(EXTRACTED ENTRIES)

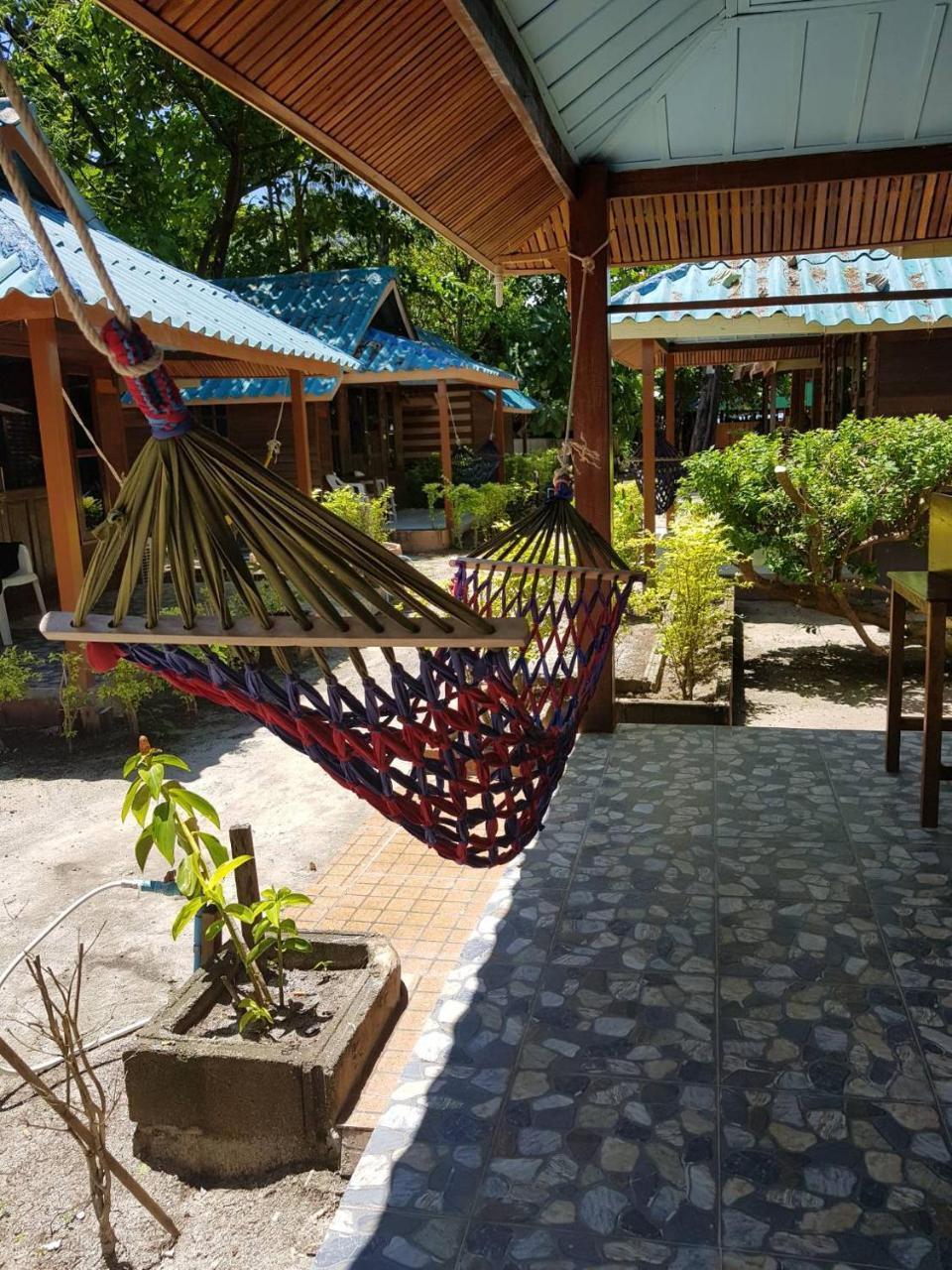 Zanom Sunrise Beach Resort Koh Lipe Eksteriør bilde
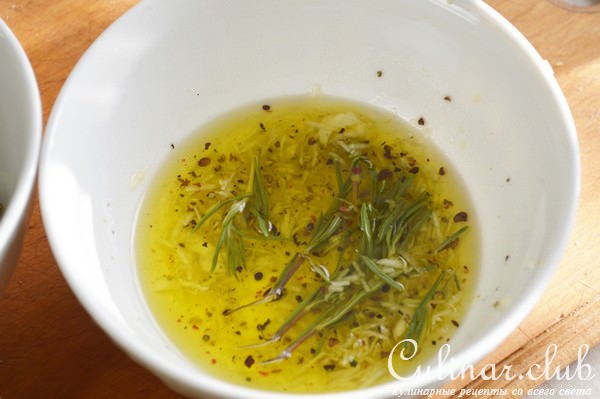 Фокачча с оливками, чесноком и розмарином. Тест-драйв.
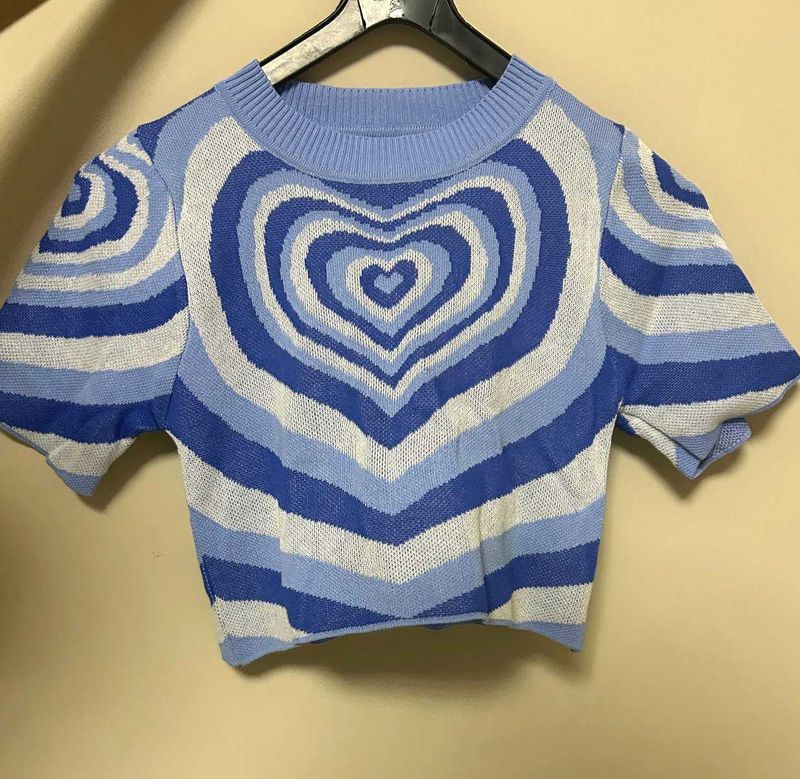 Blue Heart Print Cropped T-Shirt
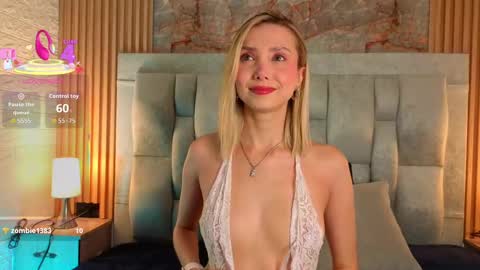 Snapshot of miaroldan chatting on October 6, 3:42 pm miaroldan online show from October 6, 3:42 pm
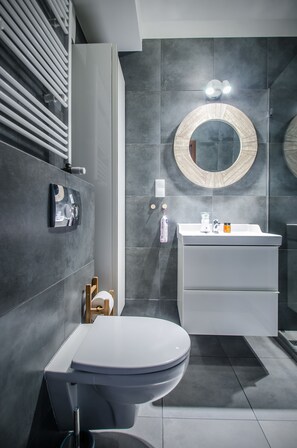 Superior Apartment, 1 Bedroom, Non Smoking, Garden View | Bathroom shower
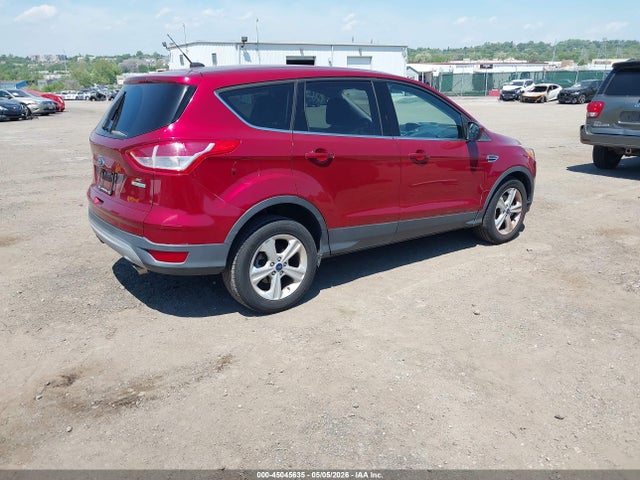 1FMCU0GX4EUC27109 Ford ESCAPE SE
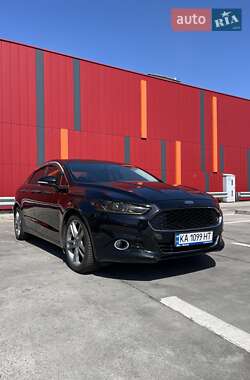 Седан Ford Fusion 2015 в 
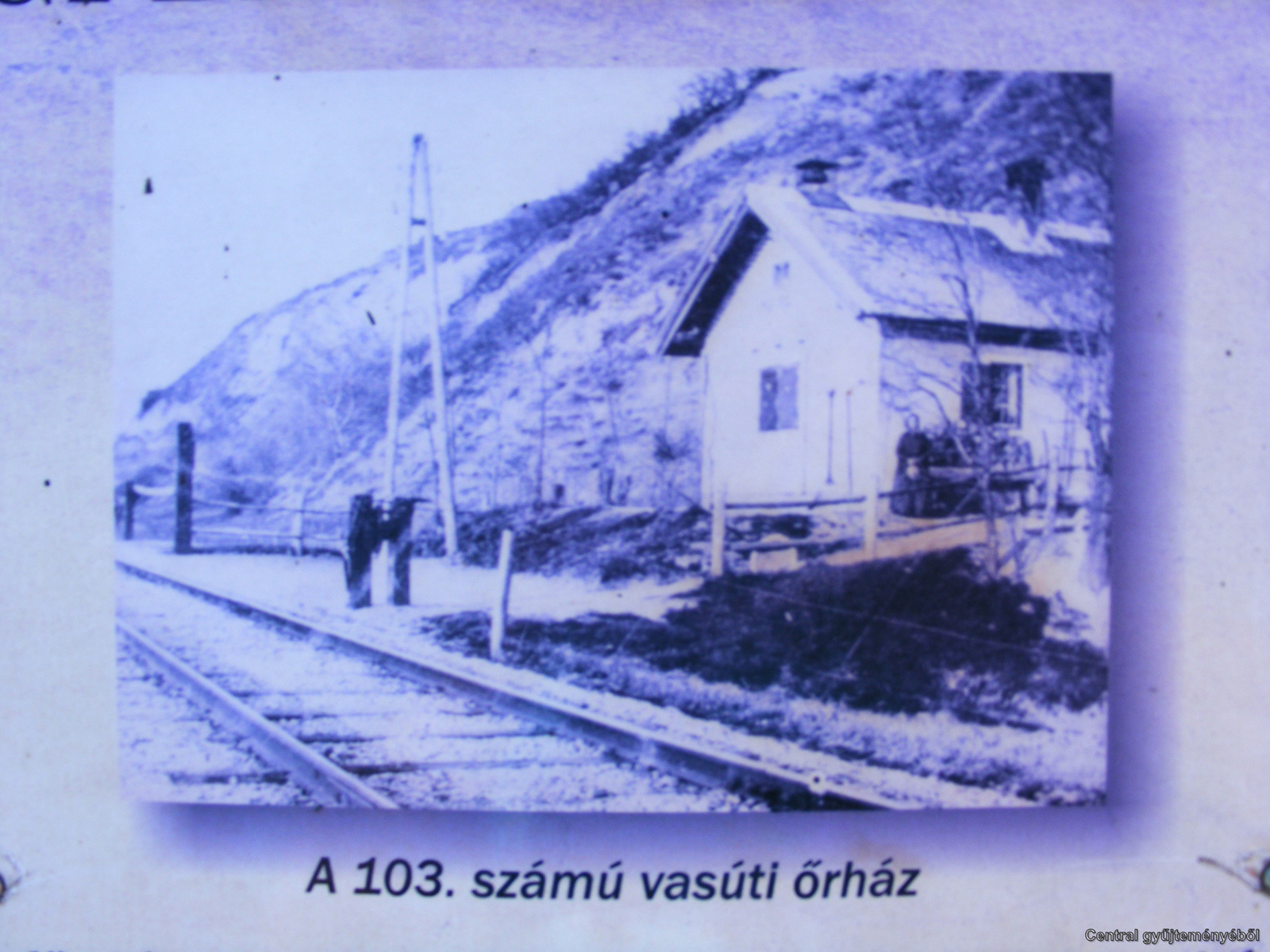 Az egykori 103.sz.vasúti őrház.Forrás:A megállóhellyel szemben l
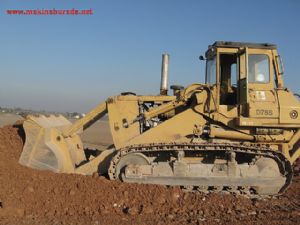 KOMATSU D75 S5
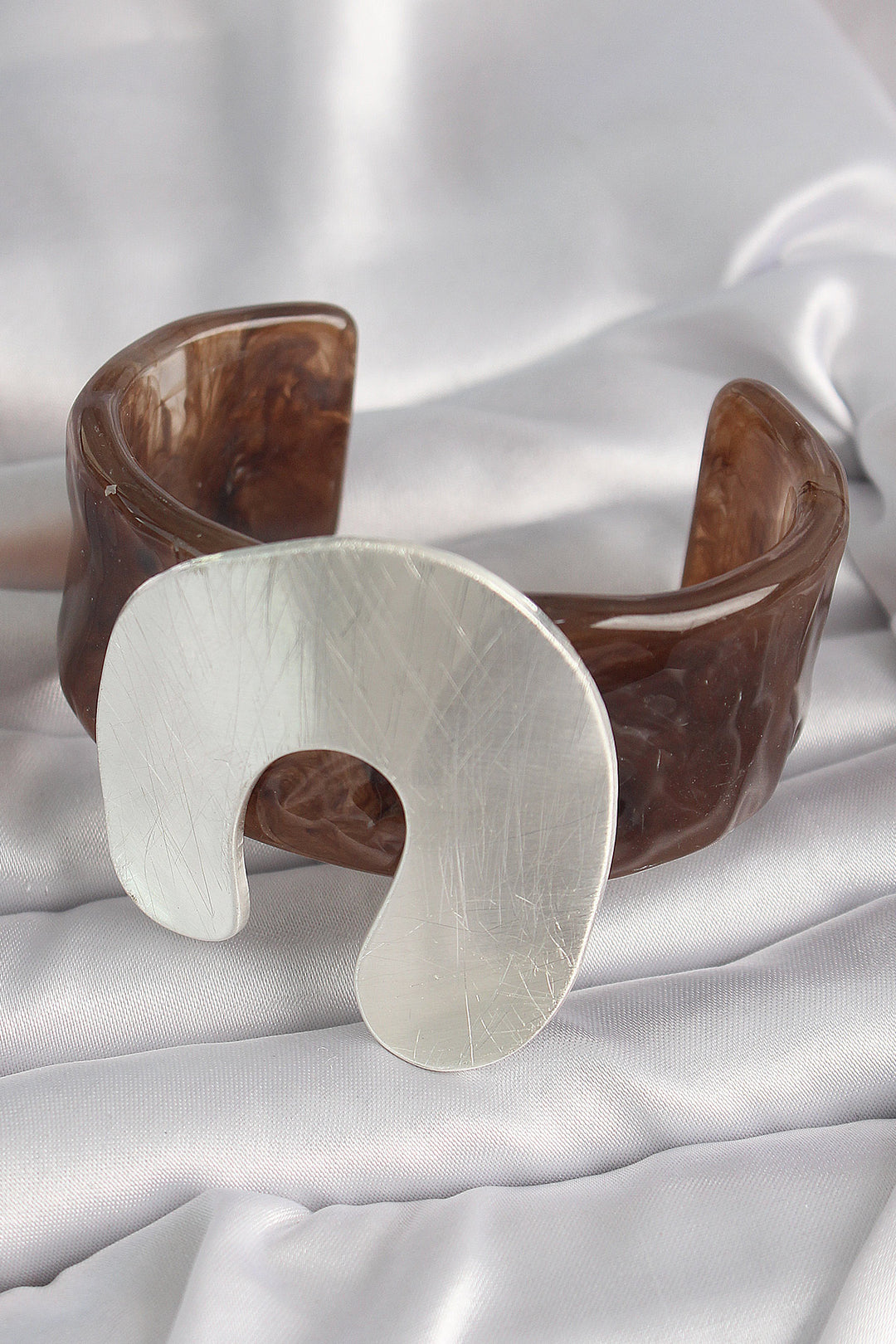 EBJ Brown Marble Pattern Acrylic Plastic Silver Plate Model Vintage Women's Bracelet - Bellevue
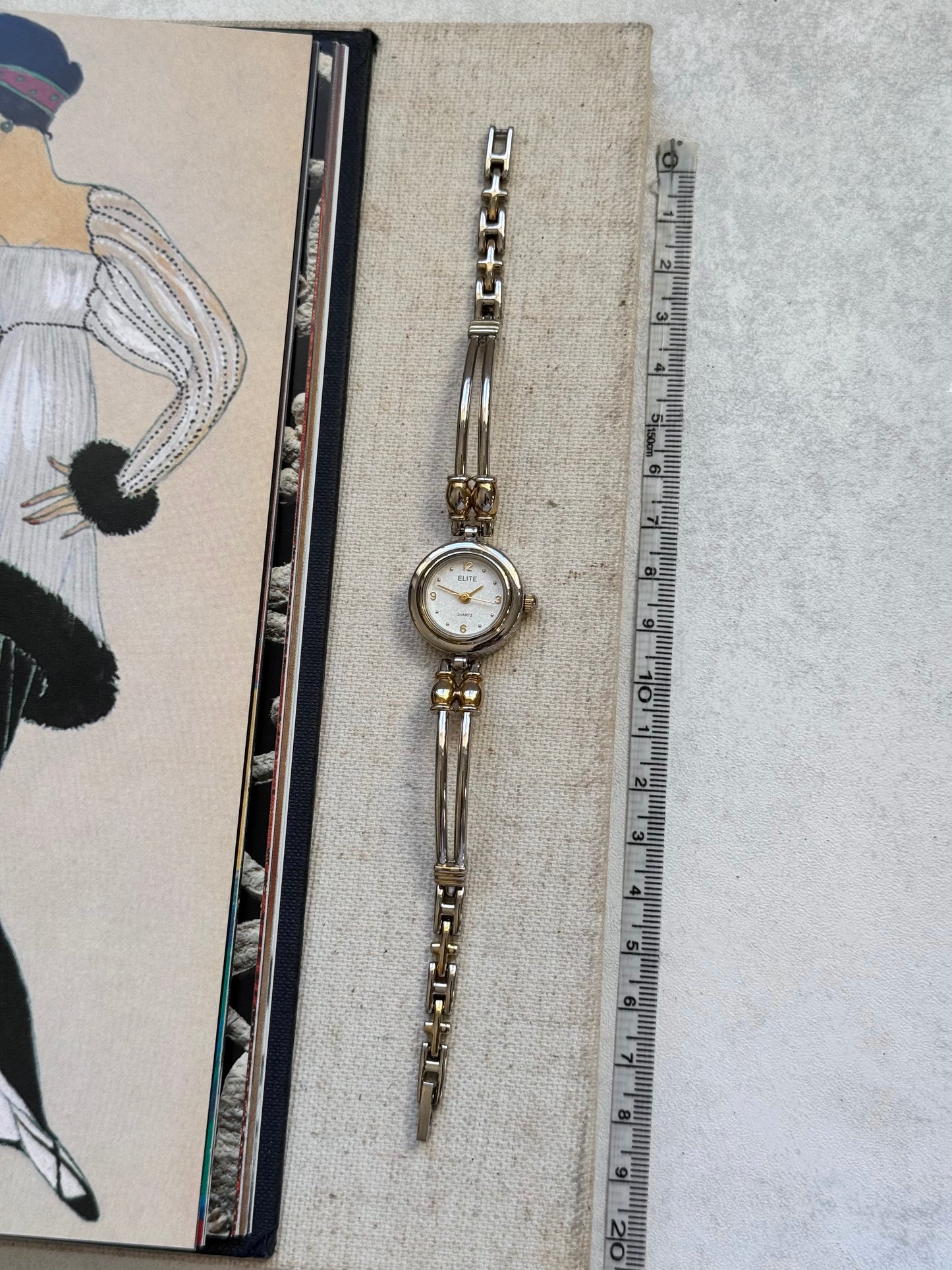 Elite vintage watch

(End EXTRACTED ENTRIES)

▶ **TASK DIRECTIONS**: What is needed is a word-for-word copy of the lines from the one containing "Az egykori 103.sz.vasúti" through the final line of the records above, both included, with the pictures left out.

▶ **ANSWER BOX**:
 Az egykori 103.sz.vasúti őrház.Forrás:A megállóhellyel szemben l
 KOMATSU D75 S5
 EBJ Brown Marble Pattern Acrylic Plastic Silver Plate Model Vintage Women's Bracelet - Bellevue
 Elite vintage watch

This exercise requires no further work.